• **ACTIVITY**
Exactly as written, output each of the lines below, with no images.

:: INFORMATION SUPPLIED ::

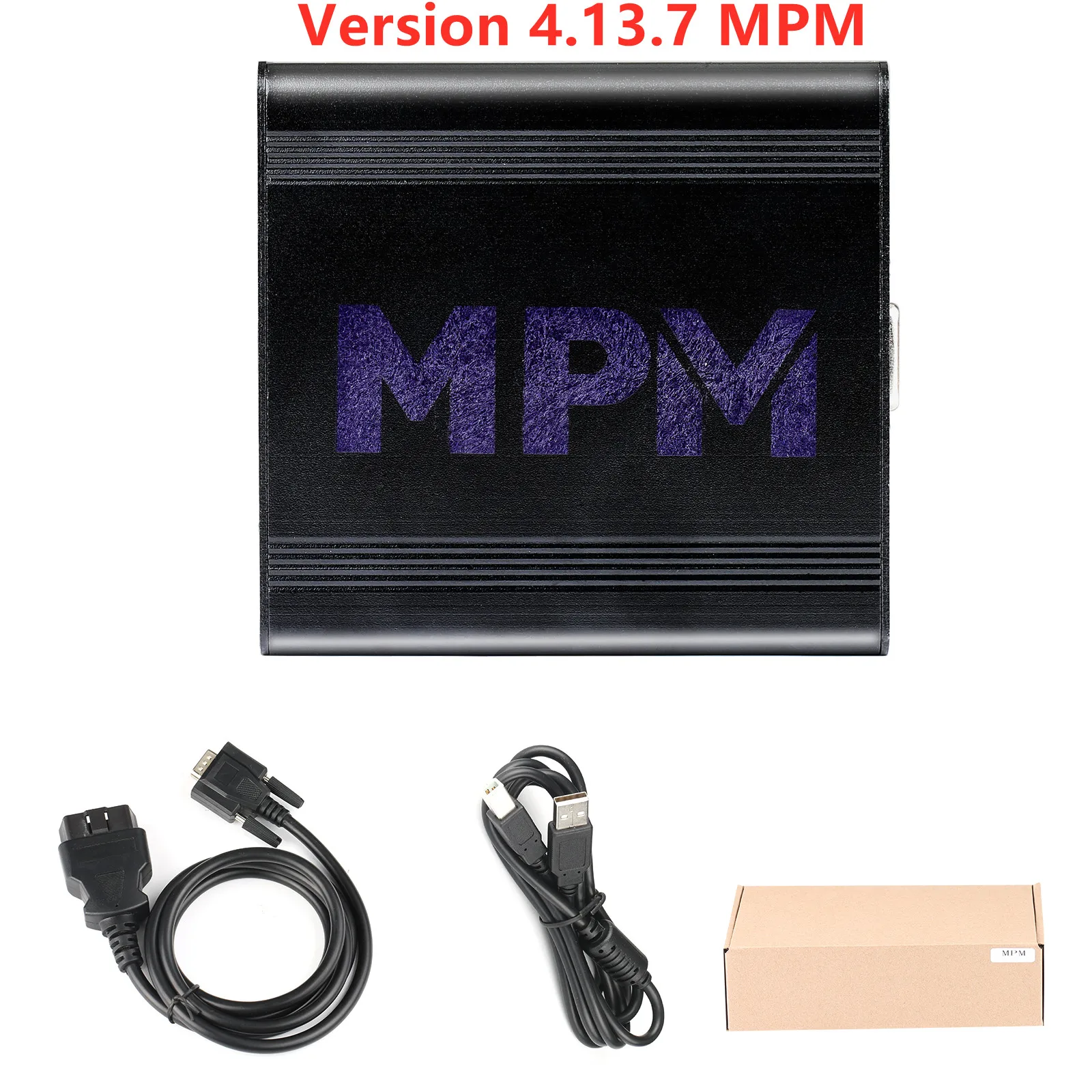 

Version 4.13.7 MPM OTG ECU TCU Chip Tuning Programming Tool with VCM Suite from PCMTuner Team for American Car ECUs All in OBD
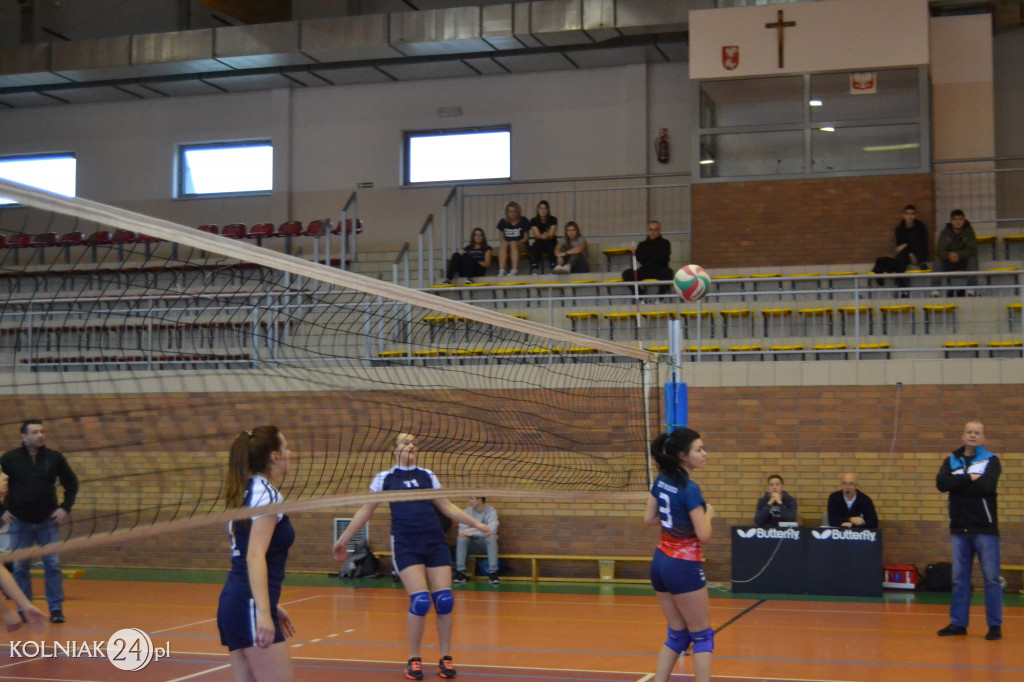 Ruszyły  rozgrywki II ligi piłki siatkowej dziewcząt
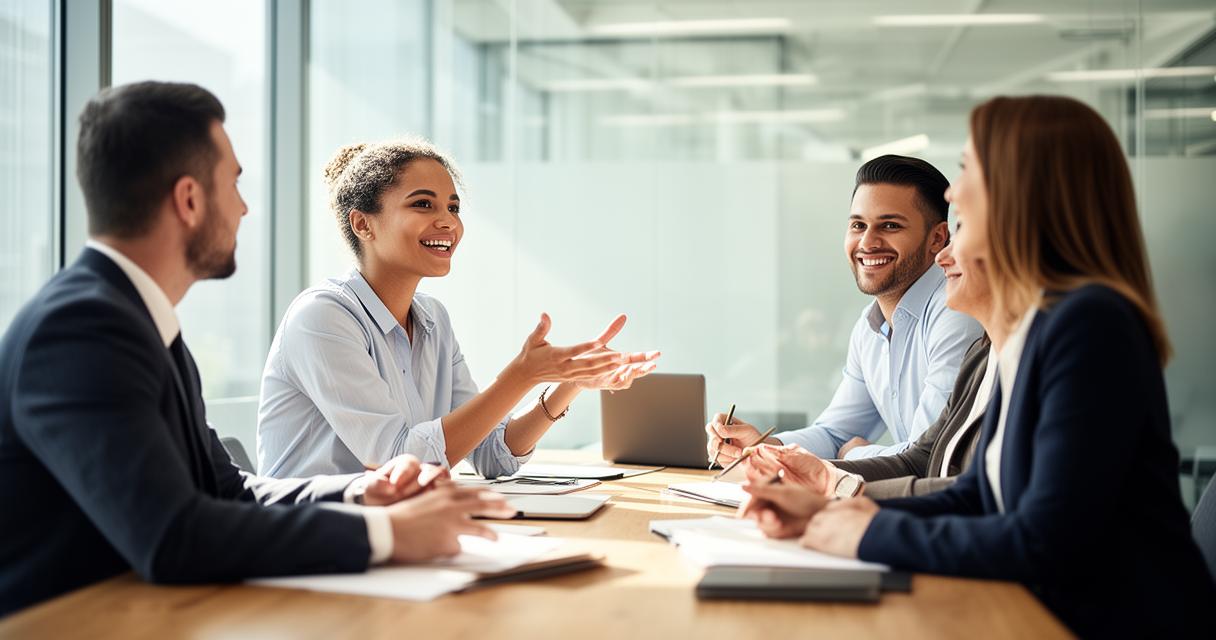 Pourquoi choisir des cours de langue B2B pour améliorer la communication professionnelle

:::

• **SOLUTION TO THIS EXERCISE**
Version 4.13.7 MPM OTG ECU TCU Chip Tuning Programming Tool with VCM Suite from PCMTuner Team for American Car ECUs All in OBD
 Ruszyły  rozgrywki II ligi piłki siatkowej dziewcząt
 Pourquoi choisir des cours de langue B2B pour améliorer la communication professionnelle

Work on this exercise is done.